The aim of the ORION co-creation call was to find and support new co-creation initiatives to make research activities in life sciences and biomedicine more open, transparent, accessible, relevant and impactful for research and for society. The call was open for ORION project partners in collaboration with other organisations.

The winning MELTIC project, which started on March 1st, brings together two disciplines; health as well as information and communication technologies (ICT), and will improve the quality of life of European citizens in small communities. The objective is to generate, through co-creation methodologies, suitable ideas for research in ICT in health and biomedicine, in topics such as self-learning, false information, discrimination and ludopathy prevention in order to innovate about the use os existing public spaces and/or build new ones.

Victoria Ramos coordinator of the MELTIC project.
Victoria Ramos coordinator of the MELTIC project.

The project will be led by Victoria Ramos, a scientist from the Telemedicine and Digital Health Unit at ISCIII. The MELTIC project also includes four European partners from Italy, Portugal, Romania and Spain. All of them representing small and isolated communities as; La Palma del Condado Municipality in Huelva, Spain, Mirabello Municipality in Italy, Deta in Romania and Reguengos de Monsaraz in Portugal. 

The MELTIC Team at ISCII
From top left: Adolfo Muñoz, Mª José de Tena, Victoria Ramos and Alfredo Burgos. Below: Ricardo Sánchez de Madariaga, Fernando López and Mario Pascual, from the ISCIII Unit for Research in Telemedicine and Digital Health.

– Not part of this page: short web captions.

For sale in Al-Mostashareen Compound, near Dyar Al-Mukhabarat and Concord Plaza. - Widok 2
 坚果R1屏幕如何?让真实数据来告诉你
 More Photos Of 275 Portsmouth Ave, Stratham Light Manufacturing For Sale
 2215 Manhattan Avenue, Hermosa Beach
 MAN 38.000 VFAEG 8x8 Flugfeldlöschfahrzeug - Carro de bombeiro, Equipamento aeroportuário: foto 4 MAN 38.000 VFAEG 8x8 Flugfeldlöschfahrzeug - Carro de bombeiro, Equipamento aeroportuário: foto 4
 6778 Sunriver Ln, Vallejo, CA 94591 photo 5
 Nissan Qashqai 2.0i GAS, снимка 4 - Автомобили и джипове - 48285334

The co-creation experiments will be developed in three different workshops, two in Madrid, and one in the La Palma del Condado Municipality. The stakeholders involved are funders, government entities, educators, governors, charities, civil societies, patient groups and citizens. Another expected output of the project is techcnological proposal, for an app or a website that will help to re-design a cooperation model to re-thinking the sociospatial relationships in the small communities. A vademecum of 100 ideas on ICT in health and biomedicine consisting of ideas compiled from the co-creation exercises will also be published. All these outputs will be made available online for small communities to use.